This has been so helpful thanks to everyone.  I want to start trying anodizing and I had no idea 4045 rod would cause problems.  I will pick up some 5053 rods to try next. 

Jeff


----------



## Ray C (Jul 18, 2013)

Jeff,

I was curious about this myself and found this link last night. http://www.keytometals.com/Article39.htm Seems to be very good information and comparison of artificial and natural age hardening. There are vast differences depending on the alloy but some are as short as 4 days.



Ray

- - - Updated - - -


Also, you could build a low/medium temperature kiln. It's not very hard and if you use the same insulating material I used, you might be surprised at how little electricity it consumes. A controller circuit will cost less than 100 bucks. My high temperature kiln takes about 15 minutes to reach 800 degrees. At that point I could shut it off and it will be 700 degrees 3 hours later. It's when you push past 1400 degrees (which you wont need) that it takes a constant supply of current to keep it hot.

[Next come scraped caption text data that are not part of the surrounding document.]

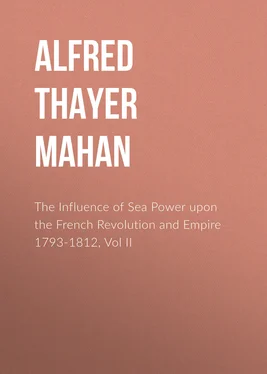 Alfred Thayer Mahan The Influence of Sea Power upon the French Revolution and Empire 1793-1812, Vol II обложка книги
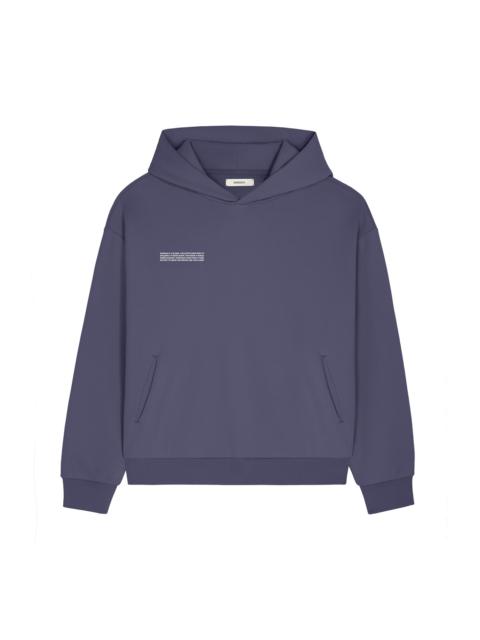 Mens 365 Midweight Hoodie - Slate Blue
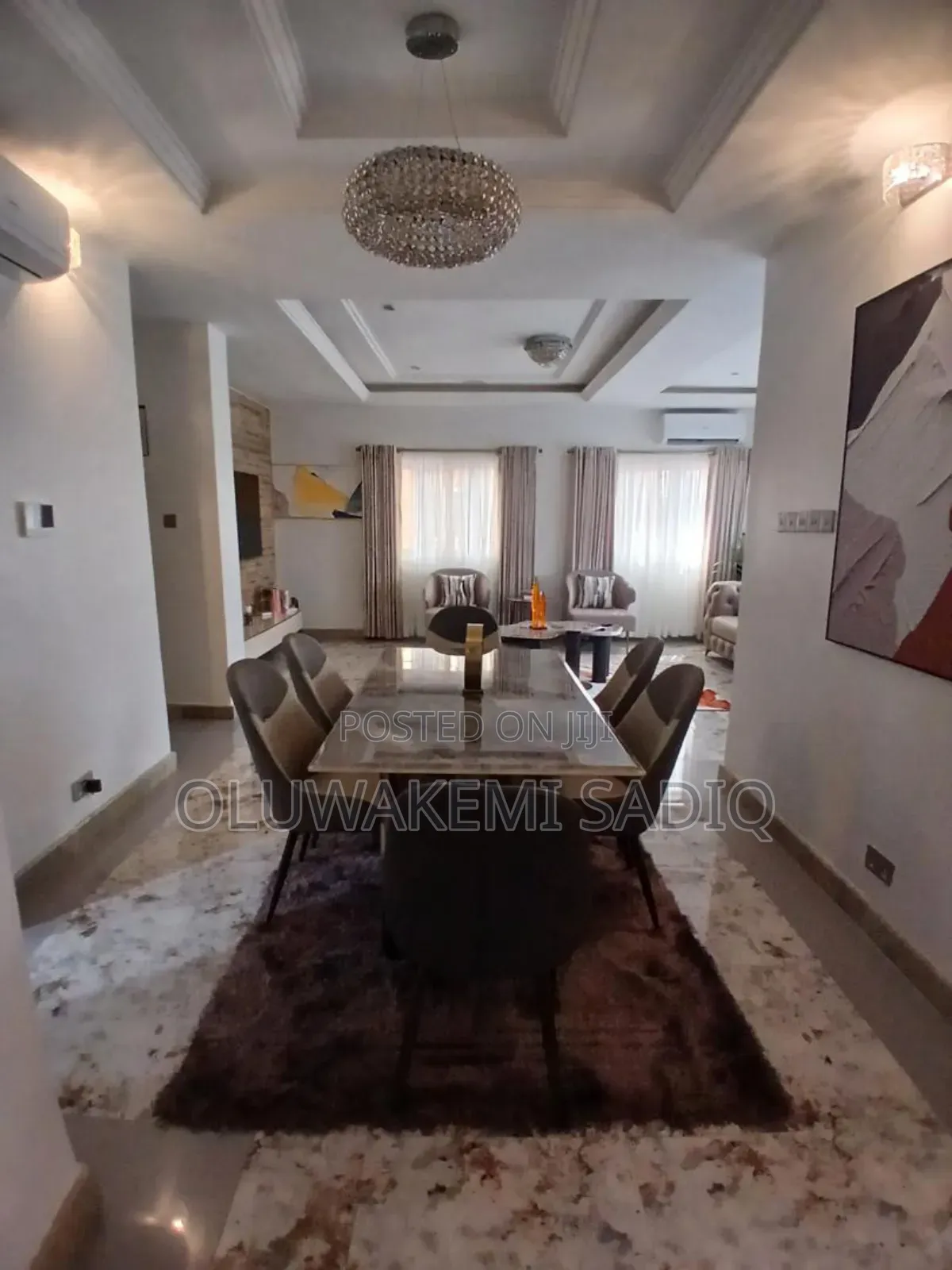 Furnished 4bdrm Duplex in Old Ikoyi for rent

Toaster oven?  Forget that.


Ray





Ray C said:


> Jeff,
> 
> I was curious about this myself and found this link last night. http://www.keytometals.com/Article39.htm Seems to be very good information and comparison of artificial and natural age hardening. There are vast differences depending on the alloy but some are as short as 4 days.
> 
> ...


----------



## churchjw (Jul 18, 2013)

Thanks Ray  That page is not one I found and has some great info.  I am out of room to build a large kiln but I may try a small one for small parts.  This does keep me from going down the dead end of trying a toaster oven.  :nuts::nuts:  Which is probably nuts.


----------